Obviously disgruntled, Milo lifted his wine goblet and drained it. This was the first he’d gotten out of bed since they returned home yesterday, and it seemed he was back to his old habits. To her knowledge, he’d eaten nothing since those few spoonfuls of porridge this morning, but he’d drunk steadily all day. “So, Alex,” he said to his cousin, who sat across the table from them. “I understand you’re going to learn how to read and write.”
Alex looked at Nicki as he took a slow sip from his own goblet. She evaded his gaze, as she frequently did, fearful that he’d see it all in her eyes, the stubborn passion that had never died, but which could never be—a passion, moreover, which he evident
ly didn’t share. He’d never denied hating her, she reminded herself. Although his feelings may have mellowed into ambivalence since their encounter at the longboat, any interest he might have in her—beyond her ability to teach him to read—could only be of a purely carnal nature. His love for her had died nine years ago, when she’d chosen to marry Milo. Now she had to live with that choice.

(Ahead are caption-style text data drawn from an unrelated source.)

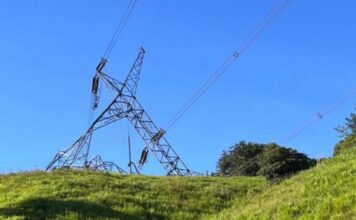 Atacan con explosivos torres de energía en Yolombó y San Roque Atacan con explosivos torres de energía en Yolombó y San Roque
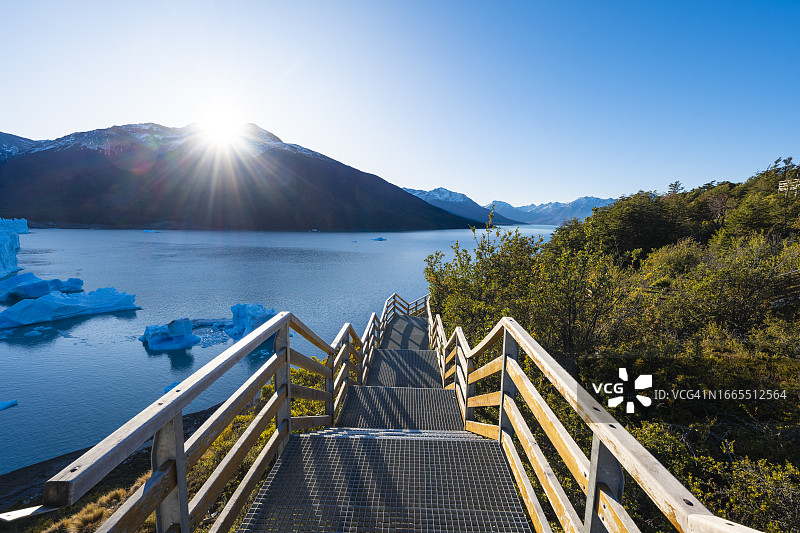 阿根廷莫雷诺冰川的观景走道图片素材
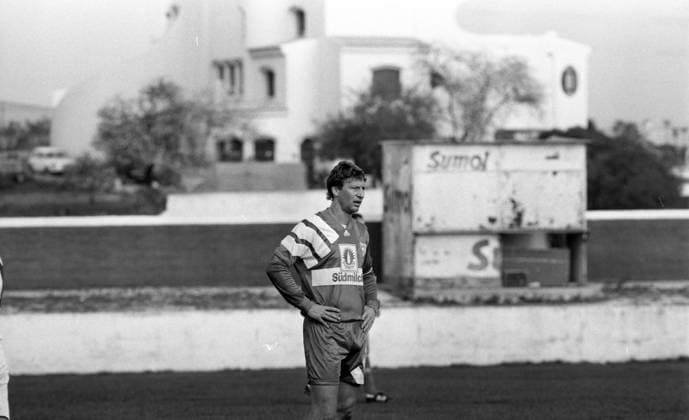Archivbilder der Woche SPORT KW39 05.02.93 VfB Stuttgart - AC Sparta Prag Portugal, Portimao, 05.02.1993, Fussball, Bundesliga, Testspiel, VfB Stuttgart - AC Sparta Prag: Guido Buchwald (VfB Stuttgart). *** 05 02 93 VfB Stuttgart AC Sparta Prague Portugal, Portimao, 05 02 1993, Football, Bundesliga, Test match, VfB Stuttgart AC Sparta Prague Guido Buchwald VfB Stuttgart
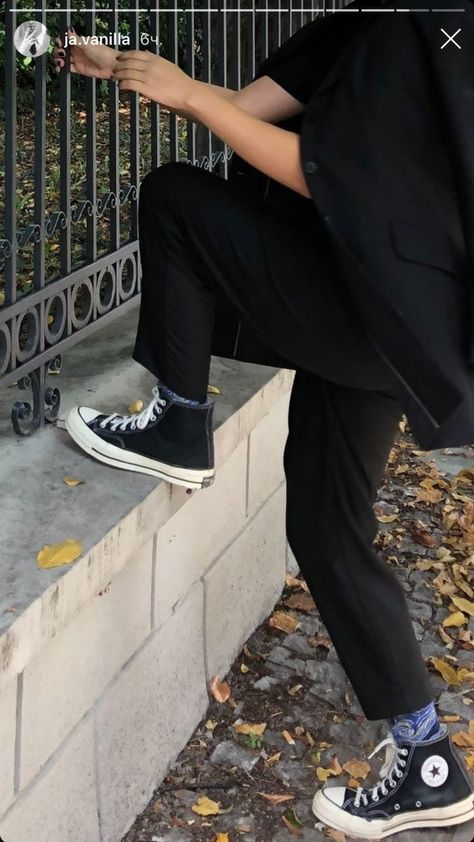 All Star Black Outfit, Converse Chuck 70 Outfit Men, Converse 70s Outfit Men, Converse Chuck 70 Outfit, Converse 70s Outfit, Chuck 70 Outfit Men, Black Converse Aesthetic, Converse All Star Outfit, Chuck 70 Outfit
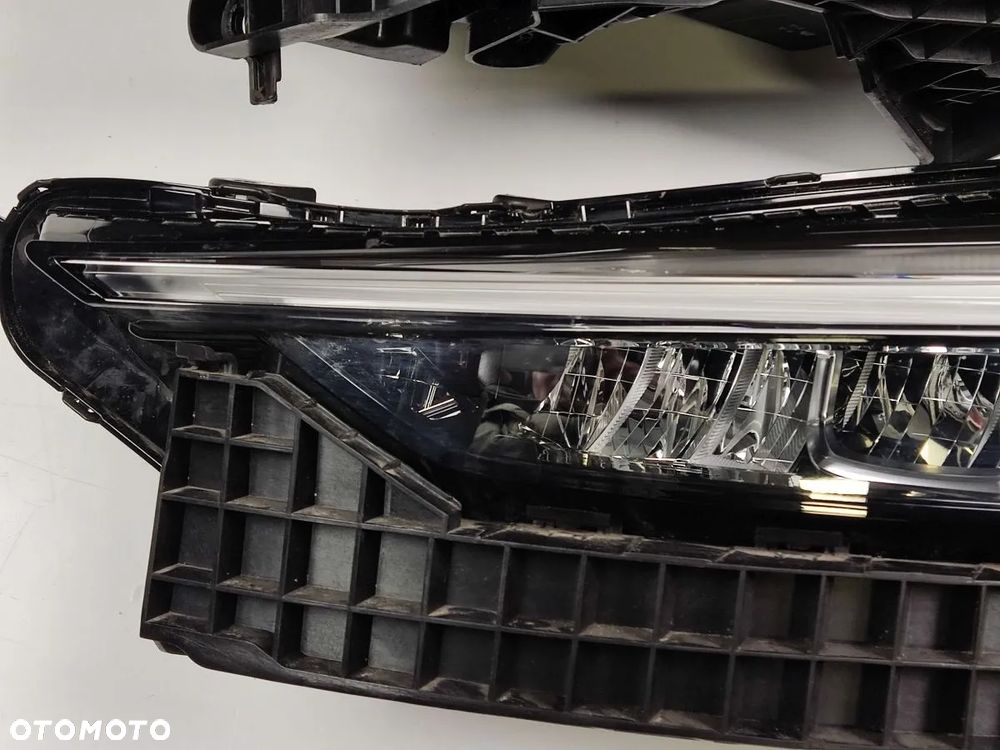 HONDA HR-V od 2021r Lampa Przód Prawa i Lewa Full Led - 8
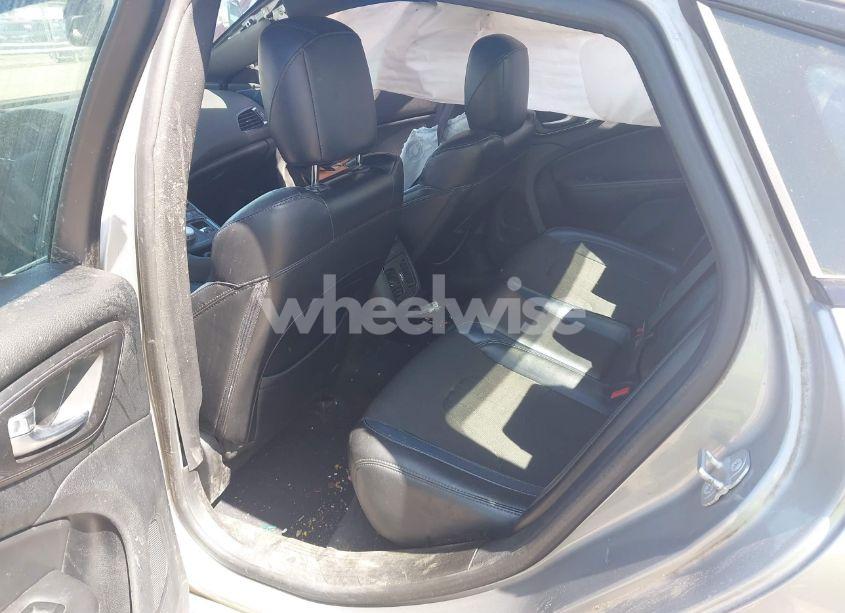 Photo 8 of 2015 Chrysler 200 S (VIN 1C3CCCBG2FN505330)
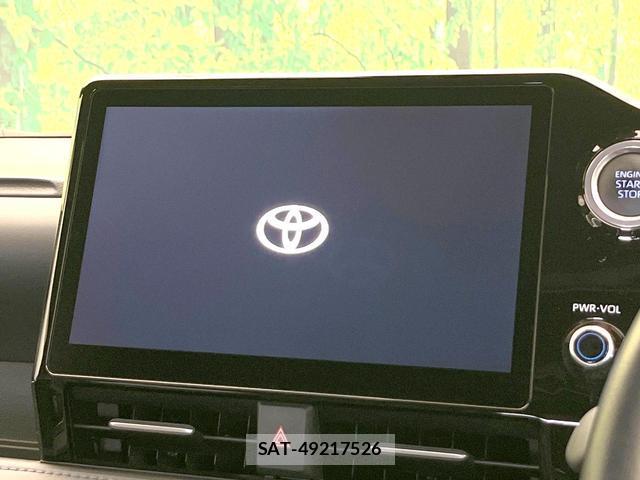 Toyota VOXY 2022-10 8730810-3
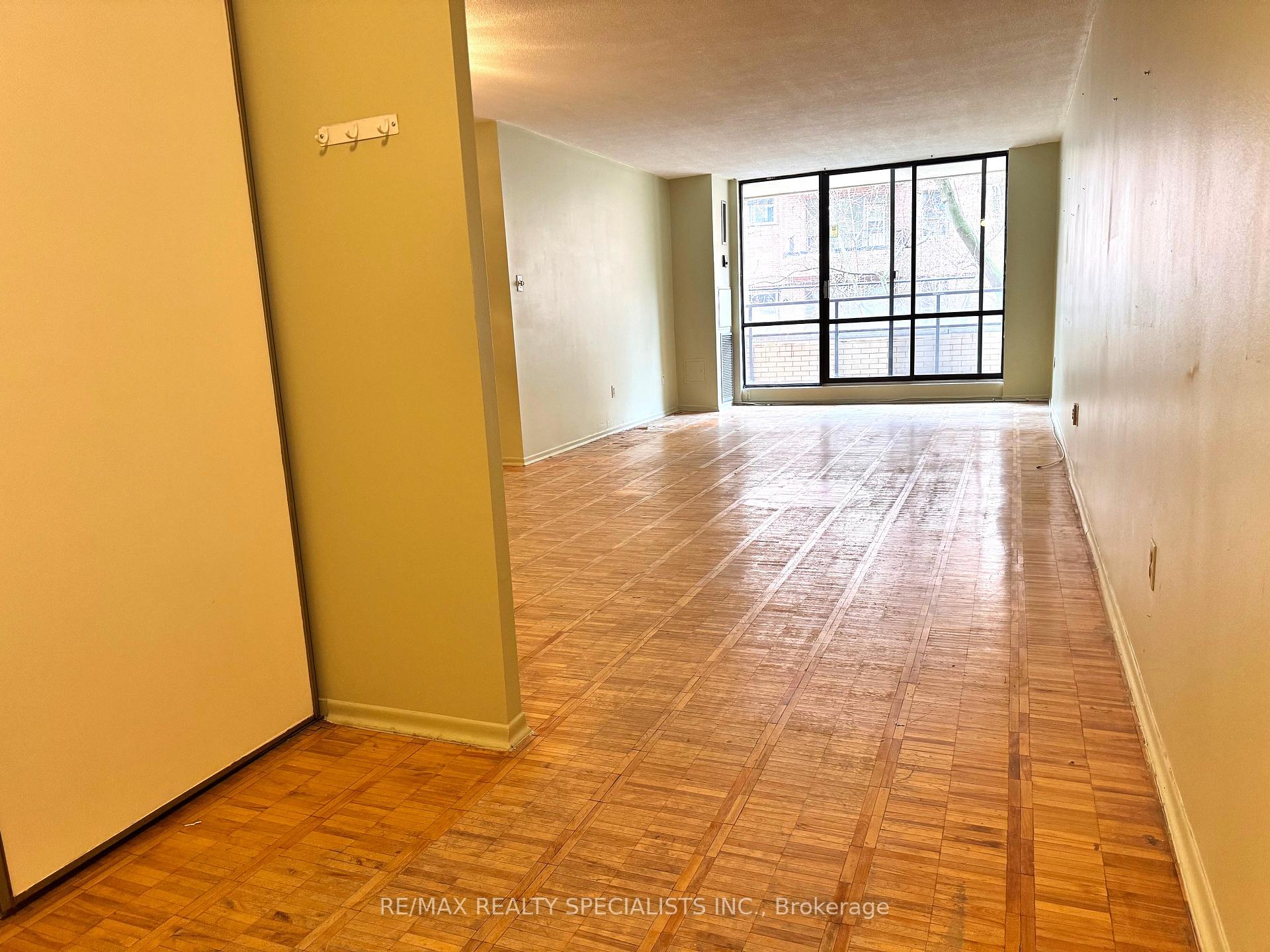 Photo 6 of Unit 210, 22 Shallmar Boulevard, Toronto, Forest Hill North — HOMEH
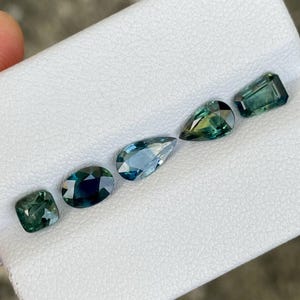 3.35 Carats Teal Sapphire Stones 5 Piece Gemstones Lot from Madagascar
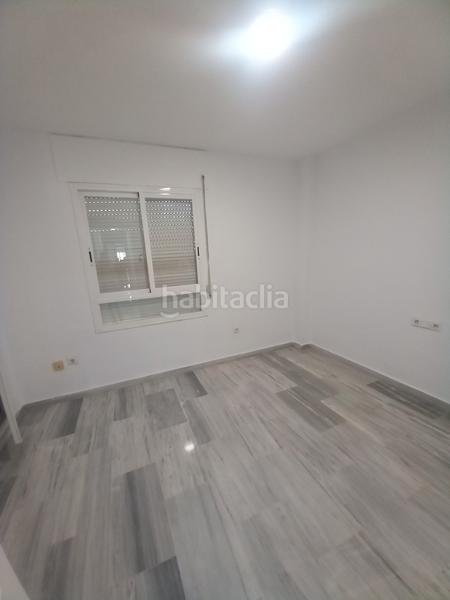 Foto 71a50b8e-10ed-442c-97f5-d77175cb3324. Location appartement avec parking piscine dans Pinares de San Antón Málaga
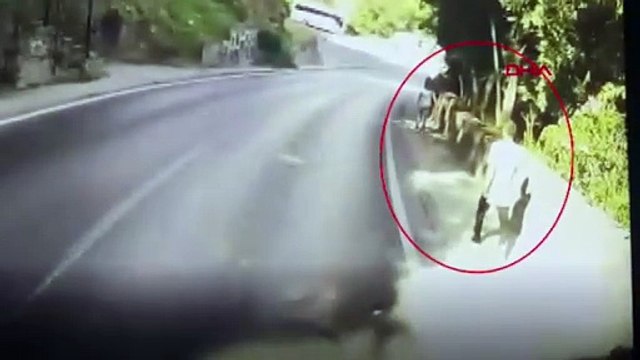 Oluğa itip boğazına bıçak dayadı kadını gasbetti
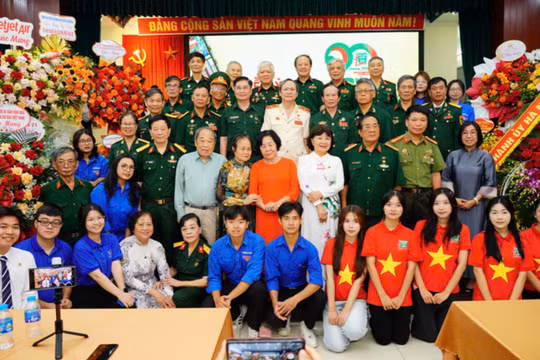 Câu lạc bộ 'Mãi mãi tuổi 20': Hành trình tri ân và tiếp nối tinh thần người lính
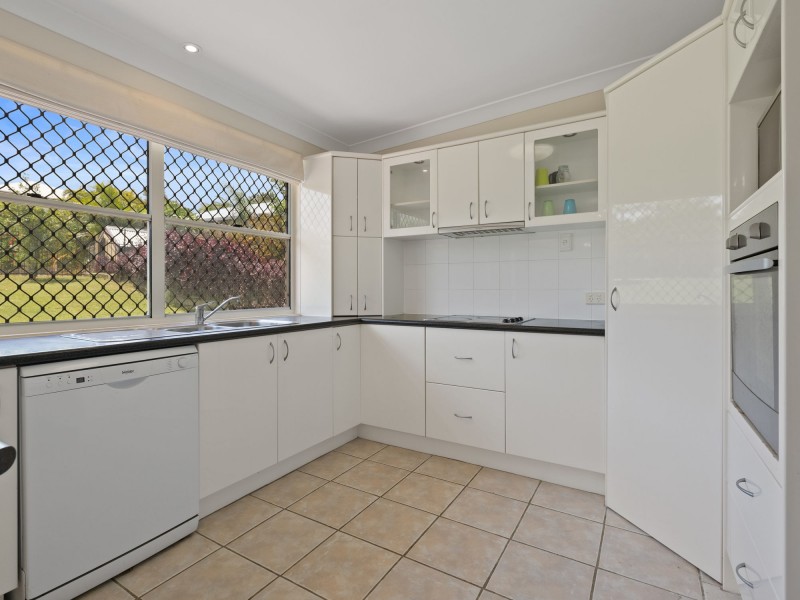 2 Brennan Road, Scarborough QLD 4020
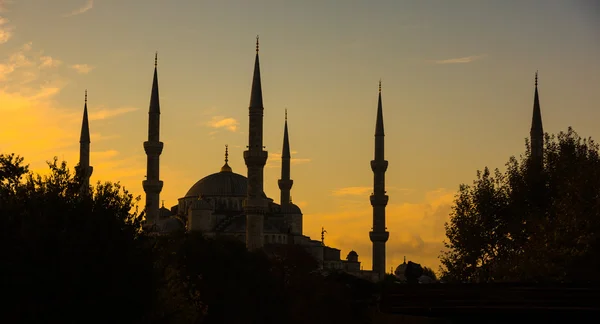 Blauwe moskee in Istanbul, Backlight bij zonsopgang — Stockfoto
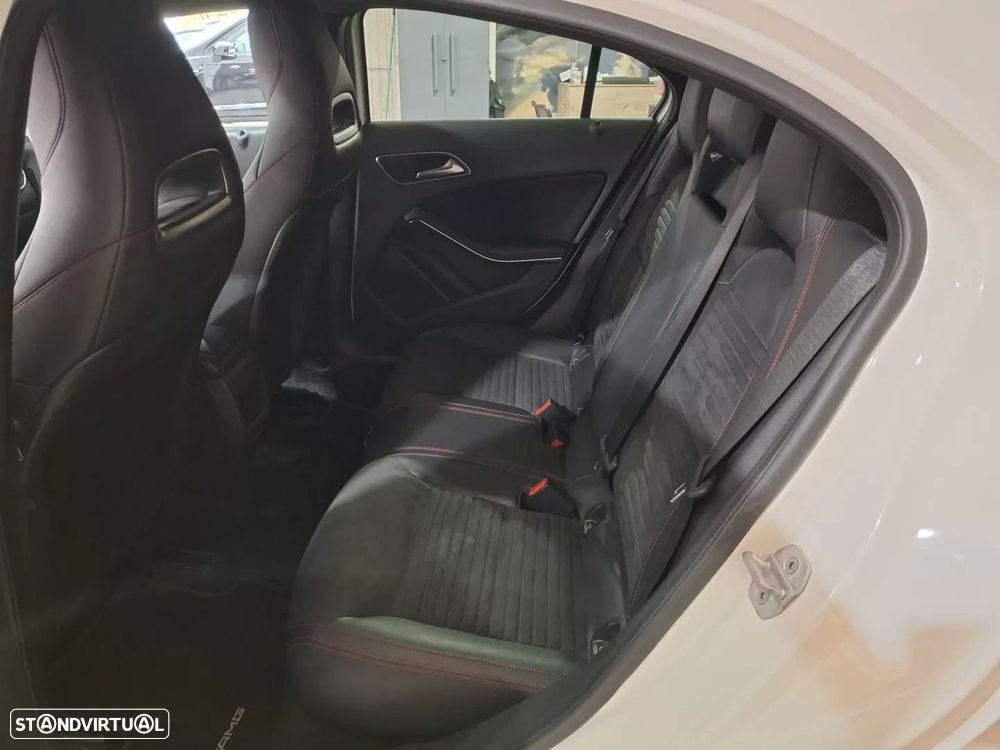 Mercedes-Benz A 180 d AMG Line - 16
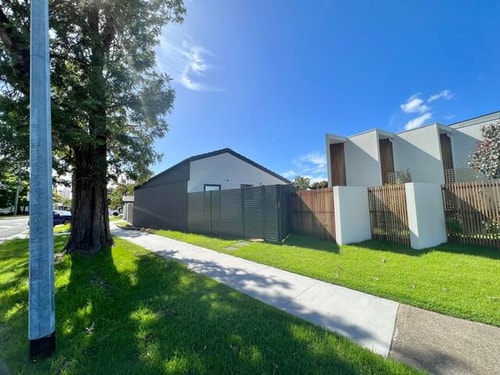 The Beachside Flat Broadbeach 68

“Aye,” Alex said. “Lady Nicolette is most kind. I hope she’s patient, as well.”
Milo smiled. “I think I can attest to her patience. I must say, I was delighted when she told me you’d asked her to be your teacher.” He chuckled. “I should have thought of it myself.”
Alex looked down at his untouched peach tart, frowning. Nicki wondered what had discomfited him.
“You two are getting on quite nicely, then. Excellent.” Milo lifted his goblet, grimacing to find it empty. Unsurprisingly, he reached for Nicki’s, swallowing down half of her spiced wine in a single tilt.
“Milord!” Nicki turned to find Gaspar hurrying toward them from the buttery, another flagon in his hand. “I poured that for your lady wife.”
“You can pour her another.” Milo brought the goblet to his mouth, but Gaspar snatched it from him before he could drink any more. “What do you think you’re—”
“That was from the old batch,” Gaspar said soothingly. “It might have begun to turn.” He filled Milo’s empty goblet from the flagon in his hand. “There you go, sire. This will taste better, I wager.”
“It is better,” Milo pronounced upon taking a sip. “Much better.”
Some time later, as the serving wenches were clearing the tables, one of them reached for Milo’s goblet, which still contained some wine. He yanked it out of her reach, then, swaying on his bench, set it down awkwardly, its contents sloshing onto the table.
“Milo,” Nicki said quietly. “Perhaps you’ve had enough.”
Shaking his head, he reached for the goblet again, but knocked it over, spilling wine onto the table. Nicki stanched it with a napkin.